James Stevenson

Baltimore, MD

Experience

Staff Software Engineer, Nuna — San Fransisco, CA 2018 – Present

I joined Nuna as a data engineer, working as a contractor on the Medicare Quality Payments Program, which processes billions of medical claims to derive quality and cost-effectiveness metrics for care provided. I worked on the implementation of individual cost and quality measures, as well as improvements to our platform and deployment processes. During that time I took over as tech lead for the project, where my responsibilities expanded to include architecture for new data processing systems, long-range planning for delivery of new measures, and coordination with project stakeholders including subject matter experts, data scientists, IT, and quality assurance personnel.

In January of 2019, I transferred to the commercial side of the business as a tech lead for a major new commercial project the company was launching. My responsibilities included architecting the project's data-processing pipeline, leading development of data processing components, and coordinating with data ingestion and web development teams that were also working on the product.

Lead Data Engineer, O'Reilly Media — Boston, MA 2014 – 2018

I joined the Data Engineering team as its first dedicated engineer, tasked with the process of architecting and building the ETL pipeline for data from the Safari Books Online platform and associated services. I worked to create a scalable, stable, and correct data warehouse for informing business and product decision making and designed and implemented RESTful APIs for feeding analytic data back into the Safari product.

I created and deployed an improved recommender system for the product to provide more relevant recommendations to users, increasing user engagement with recommendations and improving content discovery. I Led successive iterations of the product to improve recommendation quality and diversity utilizing ensemble recommendation methods.

I designed, helped to build, and deployed a platform on Google Cloud for performing large-scale NLP and ML experiments on our content. The full text size of our corpus was over two billion words with new works constantly being added, so the platform needed to be performant, scalable, and provide a way to easily bootstrap the work of data scientists wishing to utilize our full-text corpus to understand our content more deeply and drive new features with that knowledge. The platform was used in classification tasks, topic modeling, and document semantic similarity calculations.

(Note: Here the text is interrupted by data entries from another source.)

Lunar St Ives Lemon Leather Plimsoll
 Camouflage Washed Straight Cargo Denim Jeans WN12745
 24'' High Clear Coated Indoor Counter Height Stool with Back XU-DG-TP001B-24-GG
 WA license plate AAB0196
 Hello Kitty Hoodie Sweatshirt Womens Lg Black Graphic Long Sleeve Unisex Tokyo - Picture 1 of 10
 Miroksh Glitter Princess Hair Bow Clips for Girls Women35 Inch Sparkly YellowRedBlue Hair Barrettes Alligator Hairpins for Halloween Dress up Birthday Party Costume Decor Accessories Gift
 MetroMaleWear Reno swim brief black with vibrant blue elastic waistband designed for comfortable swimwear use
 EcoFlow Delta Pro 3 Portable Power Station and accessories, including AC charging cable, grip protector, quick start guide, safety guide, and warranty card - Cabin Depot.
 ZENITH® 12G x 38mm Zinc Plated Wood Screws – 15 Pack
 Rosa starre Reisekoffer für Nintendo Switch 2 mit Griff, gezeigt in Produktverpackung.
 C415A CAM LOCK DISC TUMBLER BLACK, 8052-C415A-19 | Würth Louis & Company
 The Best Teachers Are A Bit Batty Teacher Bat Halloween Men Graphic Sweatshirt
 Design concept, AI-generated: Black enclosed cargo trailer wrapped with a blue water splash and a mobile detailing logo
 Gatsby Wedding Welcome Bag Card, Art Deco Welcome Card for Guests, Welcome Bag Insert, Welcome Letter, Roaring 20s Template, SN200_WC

Lead Software Engineer, Cobrain — Bethesda, MD 2013 – May 2014

Working on the Data Science team, my responsibilities began with Cobrain's data ingestion and transformation process. This included work on creating and scaling a distributed web crawler, using natural language processing to categorize products, and performing entity resolution of products across a wide range of data sources. More recently I worked with Neo4J—a graph database—to model our product and user data and develop algorithms to provide recommendations to users.

Tech Lead, Threespot — Washington, DC 2009 – 2013

I led development efforts on a number of large website projects for clients including Knight Foundation, The MacArthur Foundation, The Chronicle of Higher Education, the National Academy of Sciences, and more. I worked as a backend developer primarily on Python/Django projects, but also wrote code in JavaScript, Perl, PHP, and ColdFusion in addition to front-end development work. I took the lead in building, documenting, and maintaining a best-of-breed Django practice within our organization. I also worked to standardize devops and deployment work and implement Agile and Scrum development methodologies in projects across the company.

Education

Johns Hopkins University, Baltimore, MD — B.A. English Literature, 2005

Skills

Programming Languages, Etc.

Python, Scala, Haskell, Javascript, Bash, Groovy, Java, Perl, HTML, CSS/SASS

Big Data & Machine Learning

Spark, Hadoop, Redshift, Numpy/Scipy Stack, Pandas, SpaCy, Gensim

Databases

Postgresql, Neo4J, MongoDB, Sqlite, MySQL

Operating Systems

Linux (Debian and Ubuntu for servers primarily, but also some Red Hat Enterprise experience), OS X

Servers, Etc.

Nginx, Apache, uWsgi, Gunicorn, Solr

Frameworks/Libraries

Django, Flask, SQLAlchemy (Python), Scalaz/Cats (Scala)

Other Software

Docker, Kubernetes, AWS, Google Cloud, Puppet, Vagrant, VirtualBox, Confluence, Jira, Git, Subversion, Sphinx, Pentaho

Open Source Projects

CNC Pattern Library

A Haskell-based library for creating SVG patterns for CNC routers.

Robosquirt

An automated watering system for lawns and gardens. Written in Python and running on a custom-built valve control mechanism using a Raspberry Pi Zero W. The Pi is joined to your home wireless network, which allows you to control your watering system from anywhere.

ncsa-logparse

An NCSA logfile parser written in Haskell. There is a blog post series (part 1 and part 2) that uses this code to teach people about Haskell and parser combinators.

agiluf

A static blogging engine written in Haskell. My blog post on the subject provides more information.

django-scaffold

A reusable application that provides for a generic section/subsection hierarchy in Django.

django-redactoreditor

A project that provides integration with the Redactor Javascript WYSIWYG editor in Django.